Stores the TU_t decomposition of a function.

core()

get_S_box()

Returnis the lookup table of the permutation whose TU-decomposition is stored.

insert_after_T(alpha)

Returns a new TUdecomposition that is functionally equivalent, but where the linear permutation alpha is applied on the t-bit branch on which the T block is a permutation after it is called.

insert_after_U(alpha)

Returns a new TUdecomposition that is functionally equivalent, but where the linear permutation alpha is applied on the (m-t)-bit branch on which the U block is applied, after it is called.

insert_before_T(alpha)

Returns a new TUdecomposition that is functionally equivalent, but where the linear permutation alpha is applied on the t-bit branch on which the T block is a permutation before it is called.

insert_before_U(alpha)

Returns a new TUdecomposition that is functionally equivalent, but where the linear permutation alpha is applied on the (n-t)-bit branch on which the U block is a applied, before it is called.

twist()

sboxUv2.ccz.tu_decompositions.get_tu_decompositions(s, walsh_zeroes=None)

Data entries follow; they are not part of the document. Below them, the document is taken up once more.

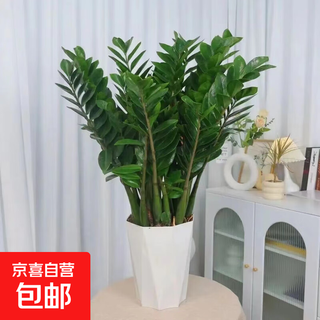 Money tree to attract wealth, large green plant in the living room, easy to maintain, formaldehyde-absorbing for opening housewarming gift, diamond-shaped white basin, height 65-75cm + bow tie 55-80cm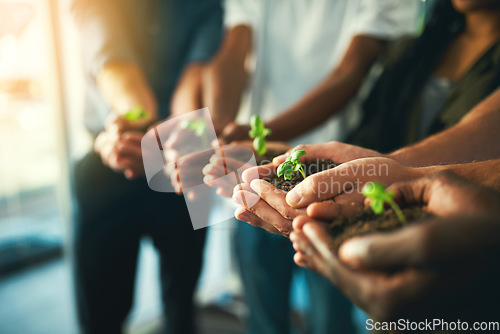 Image of Plant, sustainability and environment with hands of business people for teamwork, earth and support. Collaboration, growth and diversity with employees and soil for future, partnership or community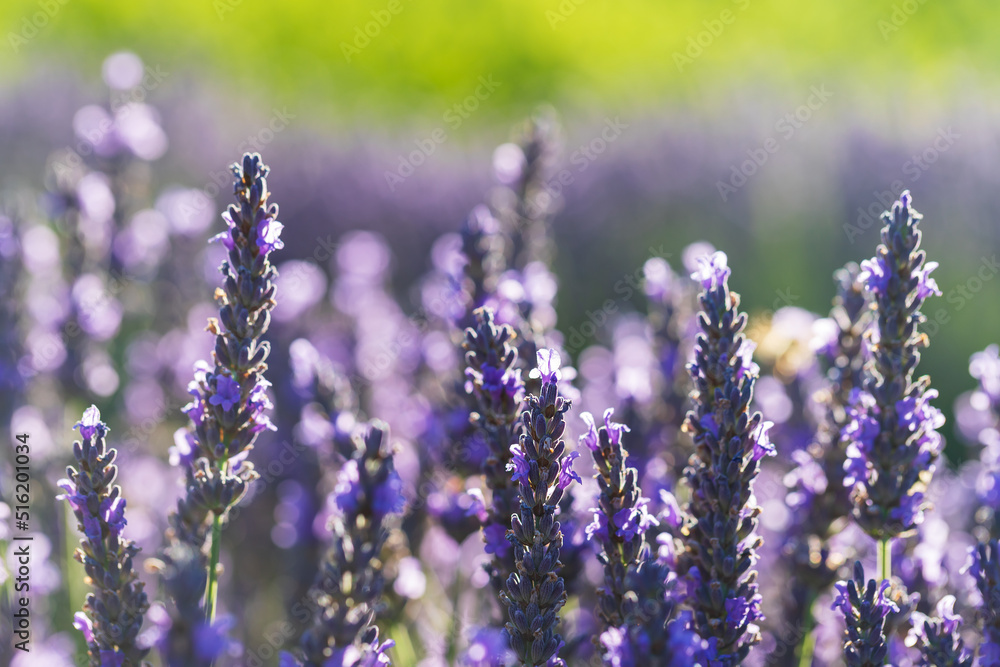 Fototapeta premium Beautiful pink fragrant lavender flower in the field. There are bees on the lavender.
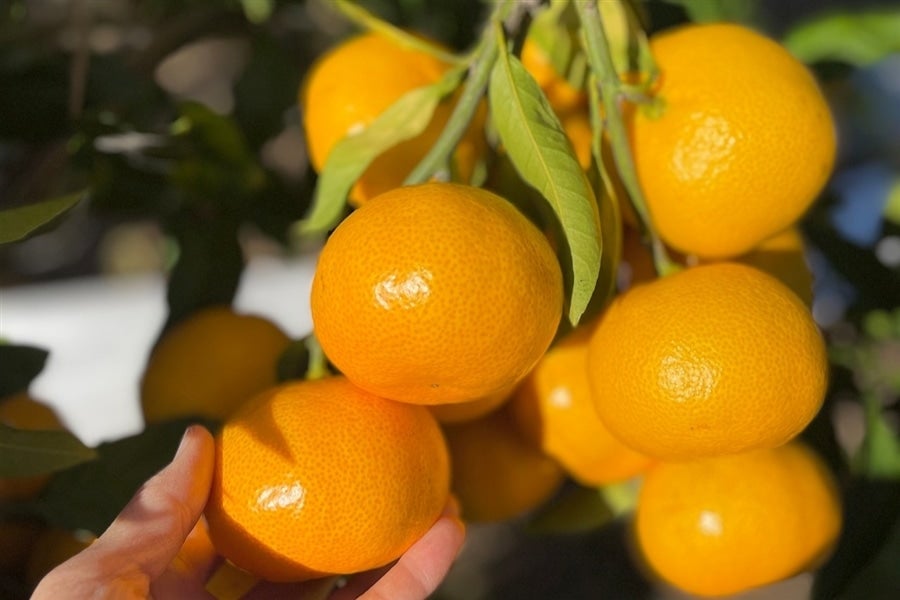 ふじ農園 早生みかん「PREMIUM|プレミアム」大玉6玉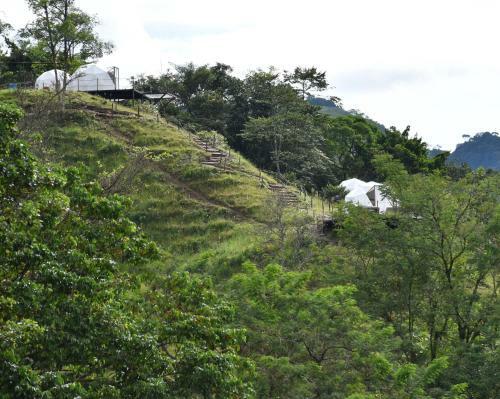 The Birder Glamping Boutique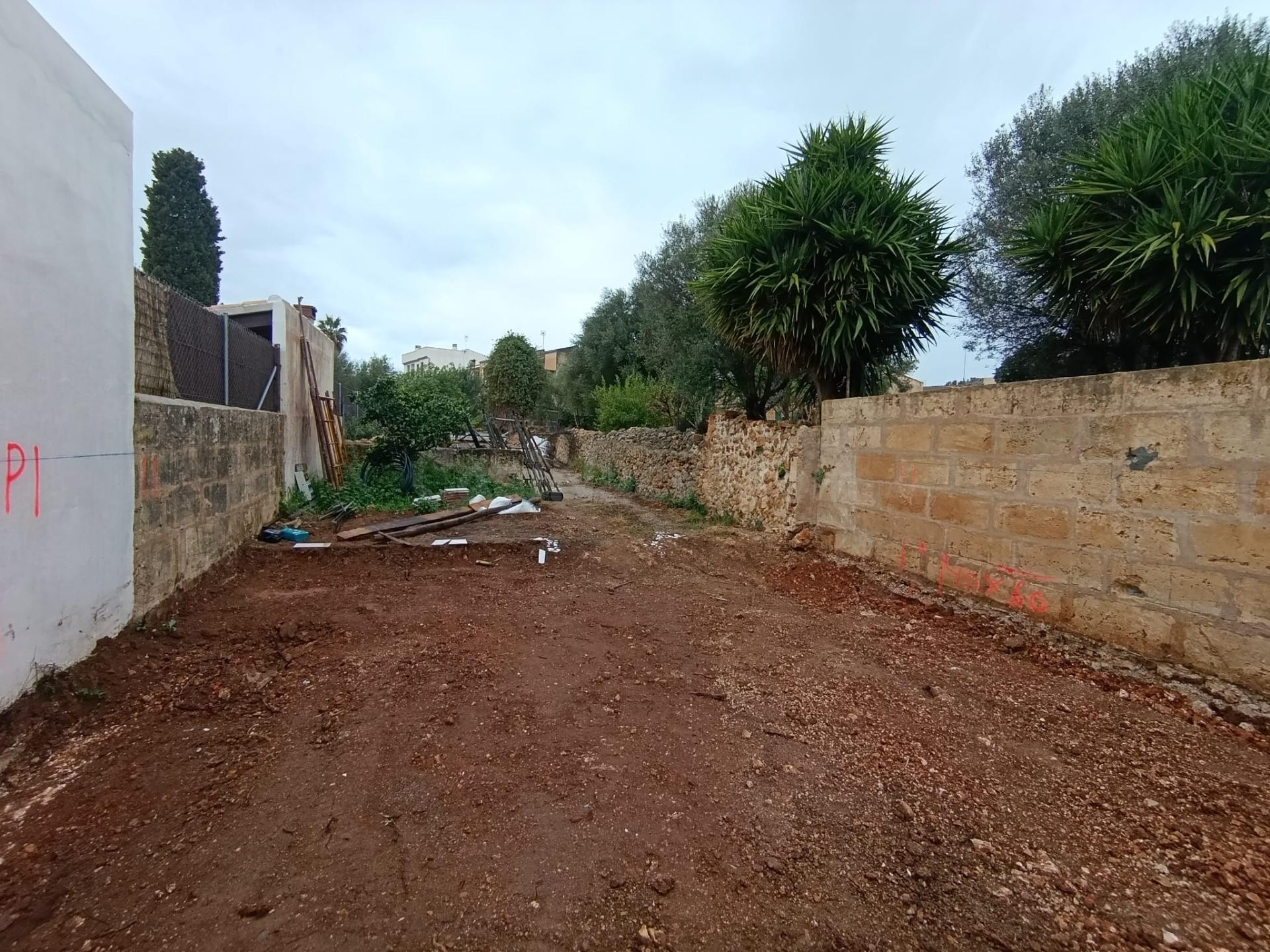 Solar Urbano con proyecto de Casa de pueblo en Ariany - foto 4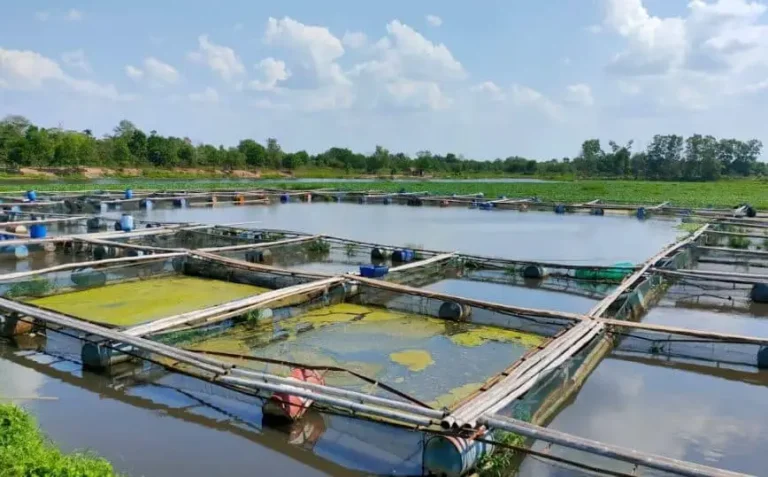 Membangun Konstruksi Tambak Udang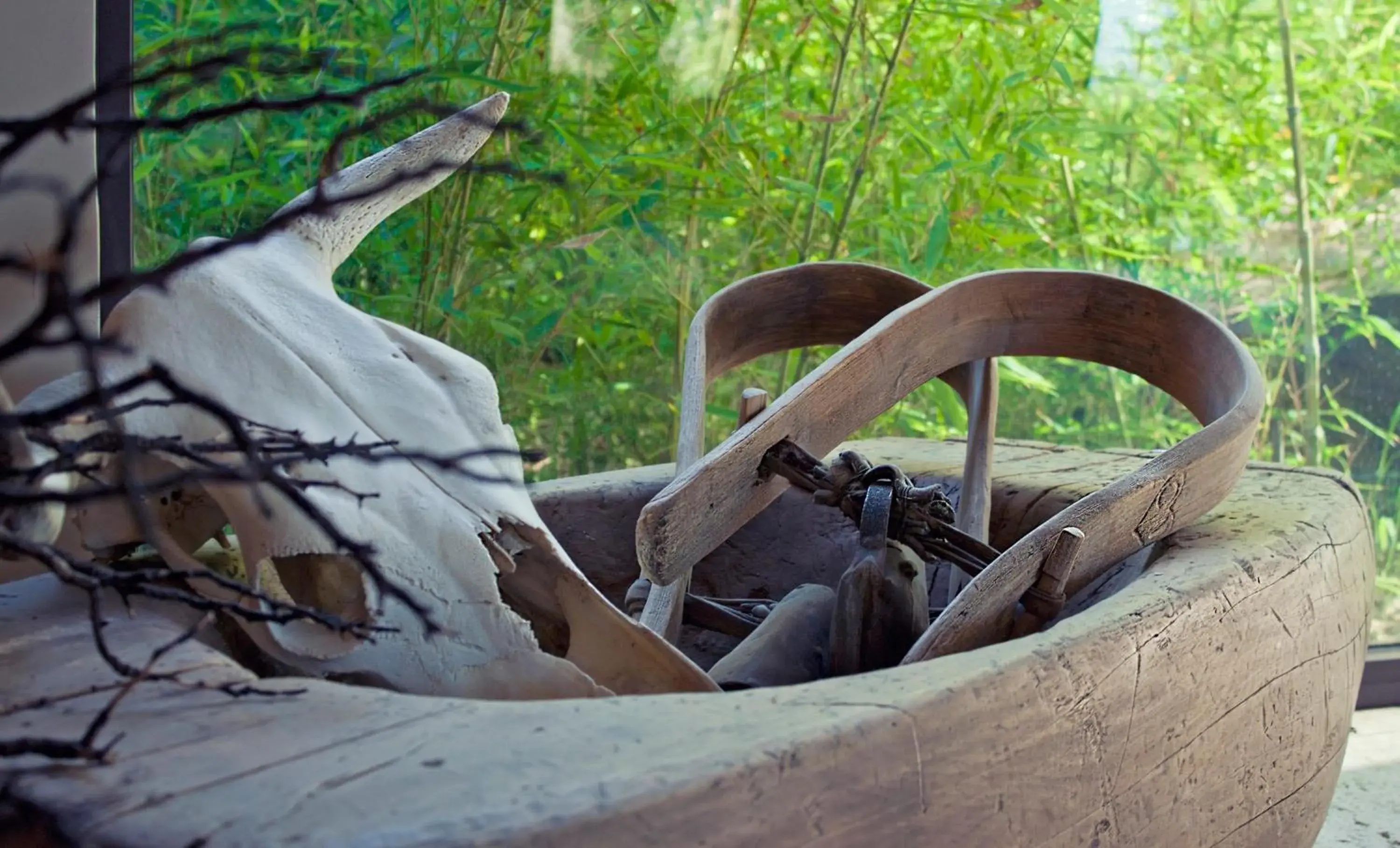 Decorative detail in Vallegrande Nature Resort by Geocharme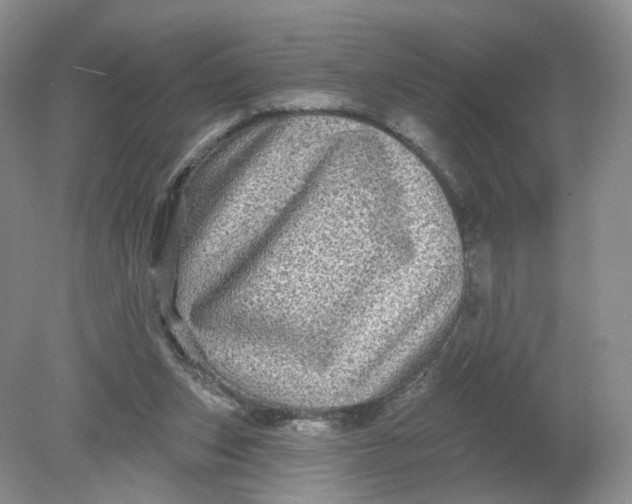 X0000078870159200612042007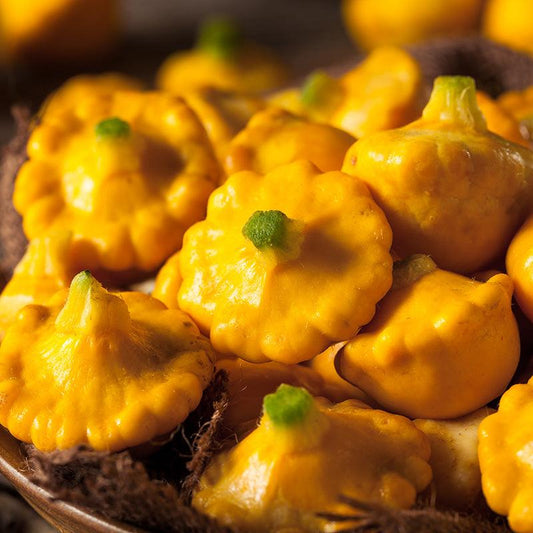 Organic Sunburst Squash Sweet Roots Farm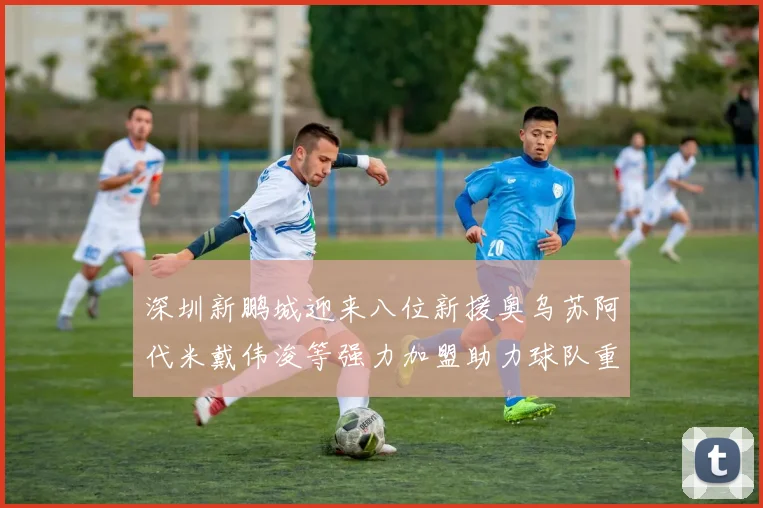 深圳新鹏城迎来八位新援奥乌苏阿代米戴伟浚等强力加盟助力球队重塑辉煌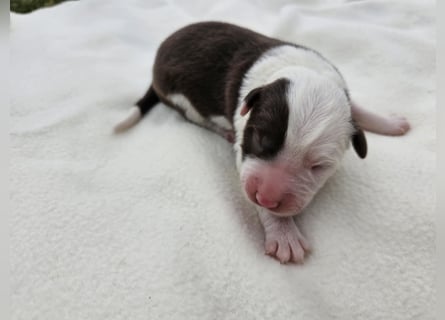 Border Collie Welpen
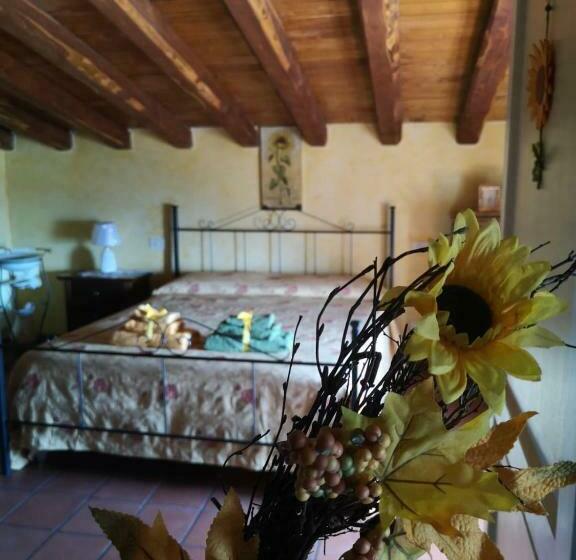 住宿加早餐  Centro Storico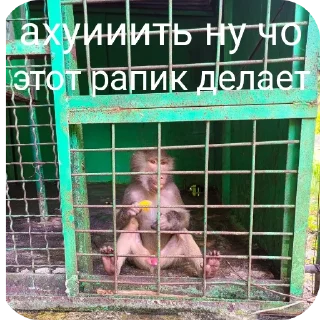 Sticker from Макаки пан
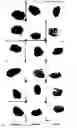 Fig. 01 - Demineralized bone matrix compositions and methods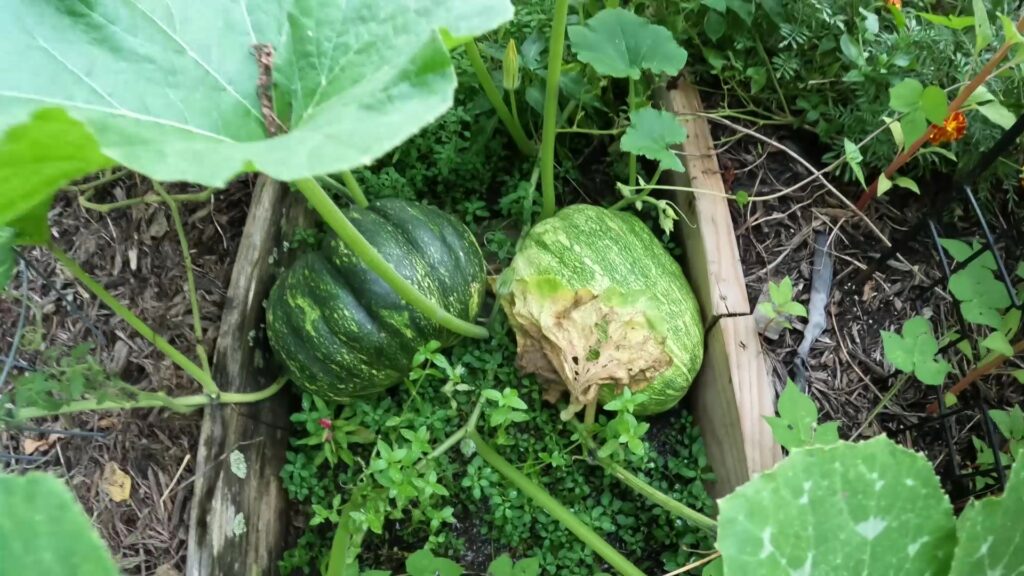 Couple of Pumpkins to be Harvested
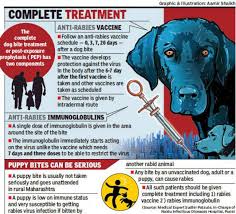 Yes a rabid dog can live beyond 10 days. 96 Scorer Inadequately Treated For Dog Bite Succumbs To Rabies Pune News Times Of India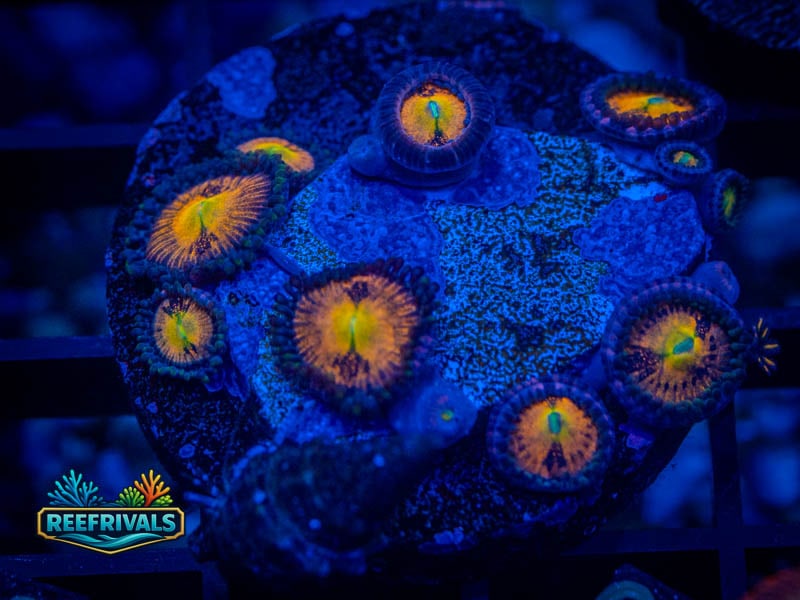 TG Sakura Zoa WYSIWYG coral image | ReefRivals TG Sakura Zoa coral image from ReefRivals, listed as Zoanthus sp. and Zoas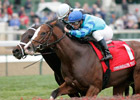 Get Stormy Shows Grit in Commonwealth Turf Get Stormy Shows Grit in Commonwealth Turf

sboxUv2.ccz.tu_decompositions.swap_Blm(t, n, m)

sboxUv2.ccz.tu_decompositions.thickness(basis, n)

sboxUv2.ccz.tu_decompositions.tu_decomposition_from_space_basis(s, basis, n, m)

Using the knowledge that v is a subspace of Z_s of dimension n, a TU-decomposition (as defined in [Perrin17]) of s is performed and the corresponding TUdecomposition instance is returned.